Go through the entries below and retype them exactly, omitting each picture.
......
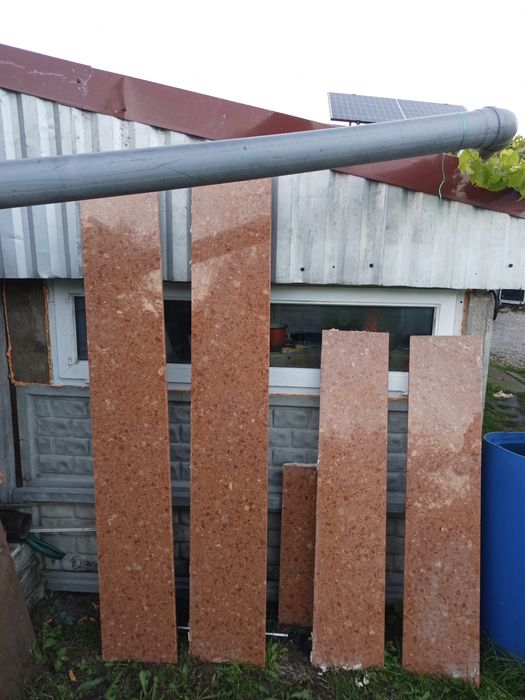 Parapety wewnętrzne  kamień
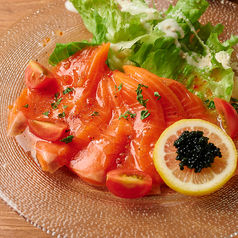 サーモンのカルパッチョ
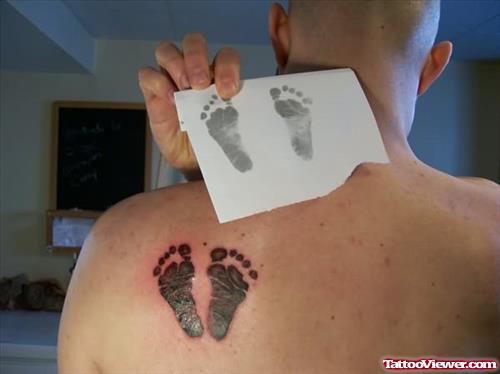 Foot Prints Amazing Tattoo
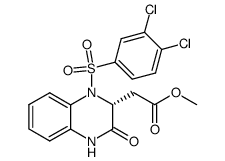 methyl {(2R)-1-[(3,4-dichlorophenyl)sulfonyl]-3-oxo-1,2,3,4-tetrahydroquinoxalin-2-yl}acetate结构式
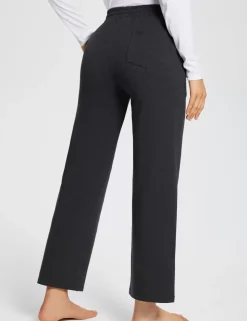 Baleaf Evergreen Cotton Pocketed Straight Leg Pants^Women Fleece-Lined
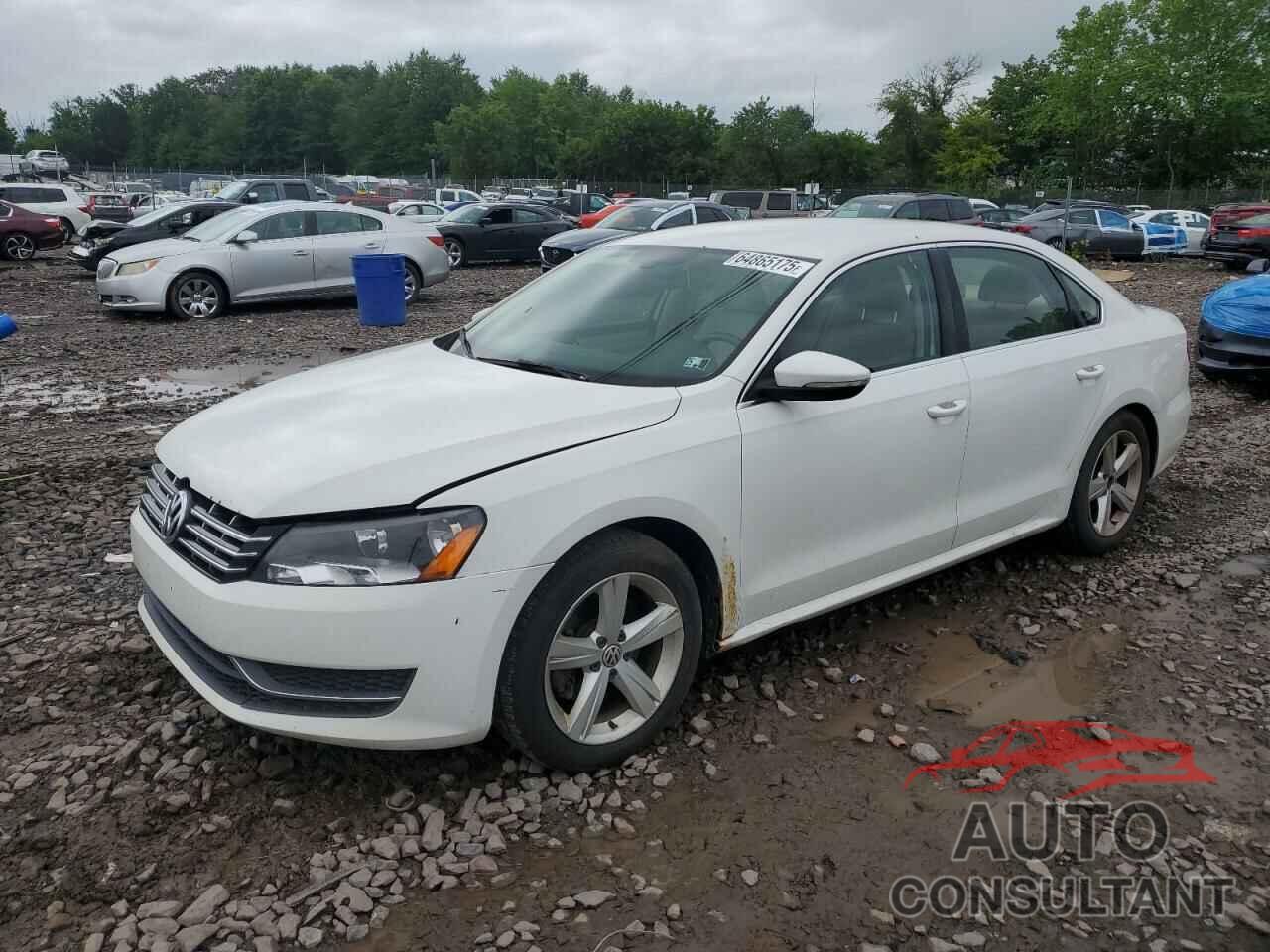 VOLKSWAGEN PASSAT 2012 - 1VWBP7A37CC106872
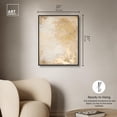 thumbnail image 4 of Sun Brust Gilding II Canvas Print Minimalist Art by Art Remedy, Black Frame, 24 x 30, 4 of 6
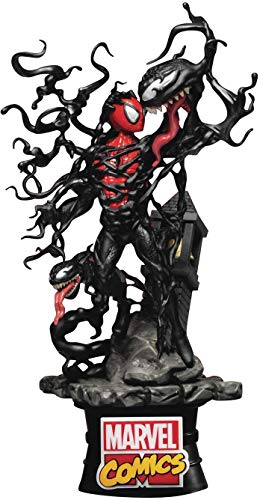 Beast Kingdom DS-040 D-Stage-Statue, Marvel Comics, Spider-Man vs. Venom, Mehrfarbig von Beast Kingdom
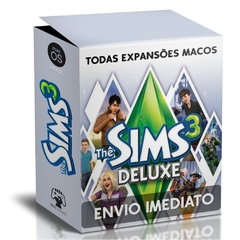 THE SIMS 3 TODAS EXPANSÕES MACOS - ENVIO DIGITAL
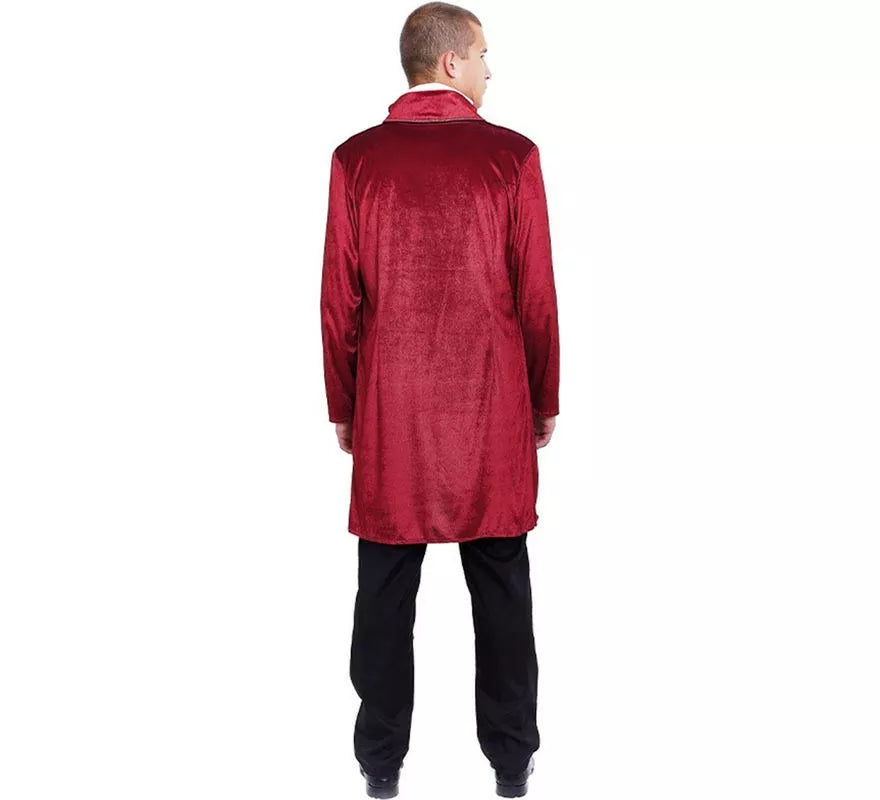 Translation missing: es.Disfraz de Duque Inglés elegante vinotinto para hombre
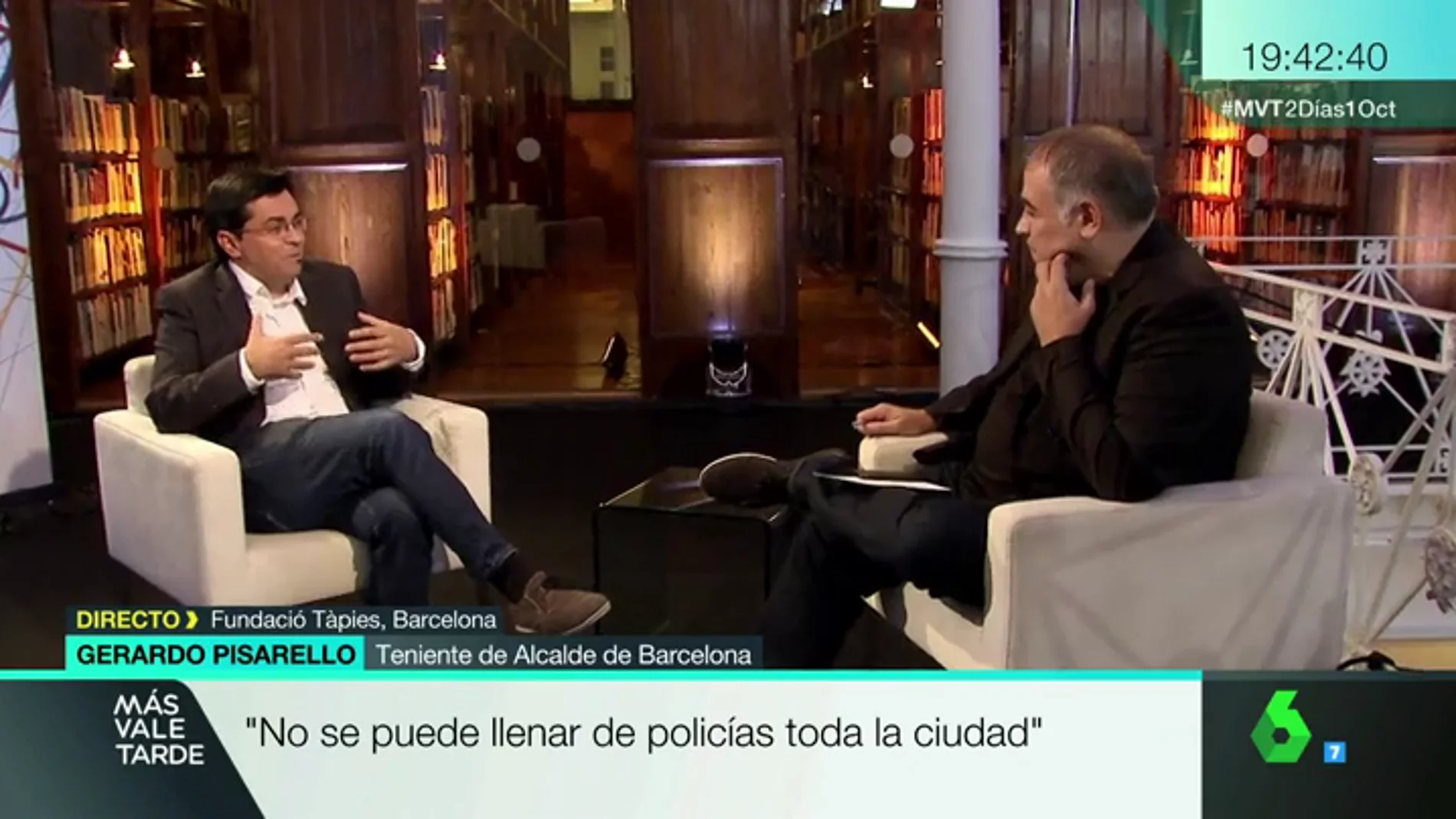 Pisarello: "No es el referéndum que Cataluña necesita, pero el Govern lo hace por el bloqueo del PP"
......
▶ [Result of the task]:
 Parapety wewnętrzne  kamień
 サーモンのカルパッチョ
 Foot Prints Amazing Tattoo
 methyl {(2R)-1-[(3,4-dichlorophenyl)sulfonyl]-3-oxo-1,2,3,4-tetrahydroquinoxalin-2-yl}acetate结构式
 Baleaf Evergreen Cotton Pocketed Straight Leg Pants^Women Fleece-Lined
 VOLKSWAGEN PASSAT 2012 - 1VWBP7A37CC106872
 thumbnail image 4 of Sun Brust Gilding II Canvas Print Minimalist Art by Art Remedy, Black Frame, 24 x 30, 4 of 6
 Beast Kingdom DS-040 D-Stage-Statue, Marvel Comics, Spider-Man vs. Venom, Mehrfarbig von Beast Kingdom
 THE SIMS 3 TODAS EXPANSÕES MACOS - ENVIO DIGITAL
 Translation missing: es.Disfraz de Duque Inglés elegante vinotinto para hombre
 Pisarello: "No es el referéndum que Cataluña necesita, pero el Govern lo hace por el bloqueo del PP"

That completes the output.